[Data for analysis]
========

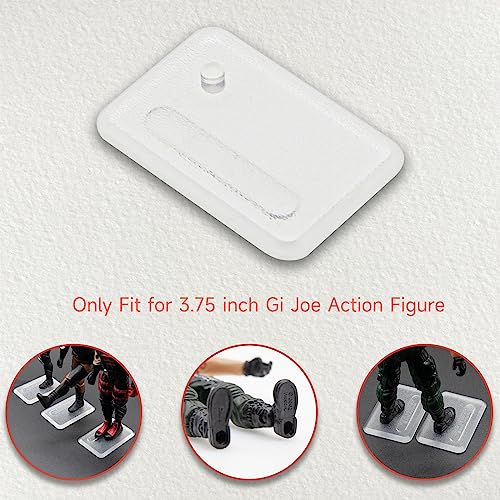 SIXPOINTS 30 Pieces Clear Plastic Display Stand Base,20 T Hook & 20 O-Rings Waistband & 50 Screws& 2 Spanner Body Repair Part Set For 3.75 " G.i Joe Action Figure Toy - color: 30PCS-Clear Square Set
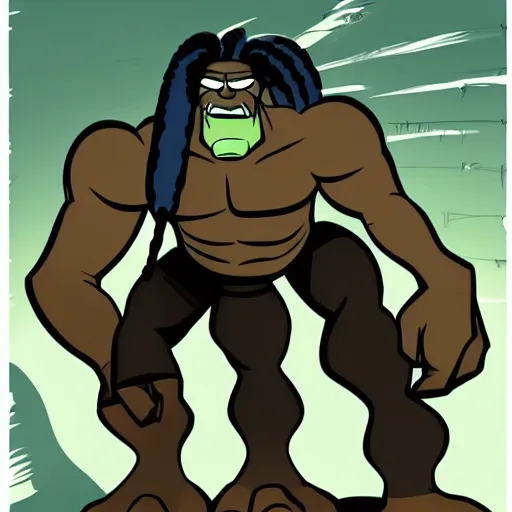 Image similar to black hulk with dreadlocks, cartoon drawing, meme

========

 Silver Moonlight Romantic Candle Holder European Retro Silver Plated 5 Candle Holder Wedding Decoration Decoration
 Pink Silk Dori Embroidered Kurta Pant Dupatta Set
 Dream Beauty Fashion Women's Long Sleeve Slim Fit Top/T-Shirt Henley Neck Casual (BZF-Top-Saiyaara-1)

========

[What you have to do]
Only the lines above from the one with "Pink Silk Dori" through the one with "Dream Beauty Fashion" should be duplicated, character for character.

[Answer]
 Pink Silk Dori Embroidered Kurta Pant Dupatta Set
 Dream Beauty Fashion Women's Long Sleeve Slim Fit Top/T-Shirt Henley Neck Casual (BZF-Top-Saiyaara-1)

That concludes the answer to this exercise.